In reviewing quantum awards, an appellate court can disturb an award made by the trial court only where the record indicates that the trier of fact abused its discretion in making the award. Upon finding an abuse of discretion, the award can only be raised (lowered) to the lowest (highest) point which is reasonably within the discretion of the trial court. Coco v. Winston Industries, Inc., 341 So. 2d 332 (La. 1977).

We find that the trial court abused its discretion in reaching the $2500 amount awarded by not considering factors relevant to a determination of the value of the notes to plaintiff. We disagree with plaintiff's contention, however, that the cost of reproducing this research using a paid research corporation is the only guide which must be utilized to determine the compensation due him. Under the facts of this case, the intrinsic value of the research to plaintiff in terms of intellectual gratification, when viewed in light of the time and effort spent compiling the research and the ease of reproduction at no monetary cost, is far less than the amount necessary to reproduce the research using a compensated research company. We find that the minimum amount which should have been awarded plaintiff in light of these factors is $7,500.

AMENDED AND RENDERED.

MARCUS, J., dissents and assigns reasons.
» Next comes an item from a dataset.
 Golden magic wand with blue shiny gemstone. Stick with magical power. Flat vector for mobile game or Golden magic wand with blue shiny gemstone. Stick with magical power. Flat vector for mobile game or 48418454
MARCUS, Justice (dissenting).

Since plaintiff's research data and notes have no market value, I would allow no award for damages. Hence, I do not reach the issue of whether or not the trial judge abused his discretion in the award made. Accordingly, I respectfully dissent.

NOTES

[1] In general, market value is the price that would be agreed upon at a voluntary sale between a willing seller and willing purchaser under usual or ordinary circumstances. Parish of Iberia v. Cook, 238 La. 697, 116 So. 2d 491 (1959); Princeville Canning Co. v. Hamilton, 159 So. 2d 14 (La.App. 1st Cir. 1963); Henderson v. Dyer, 68 So. 2d 623 (La.App. 1st Cir. 1953).

[2] This was the test cited by the appellate court in its opinion. See also Bishop v. East Ohio Gas Co., 143 Ohio St. 541, 56 N.E.2d 164 (1944); MacGregor v. Watts, 254 App.Div. 904, 5 N.Y.S.2d 525 (App.Div.N.Y.1938); Nashville Ry. & Light Co. v. Harrison, 5 Tenn.App. 22 (Tenn.1927); Southern Express Co. v. Owens, 146 Ala. 412, 41 So. 752 (1906); Louisville & Nashville Ry. Co. v. Stewart, 78 Miss. 600, 29 So. 394 (1901).

[3] C.C. art. 1934 provides for the payment of damages for breach of contract where the contract has for its object the gratification of some intellectual enjoyment.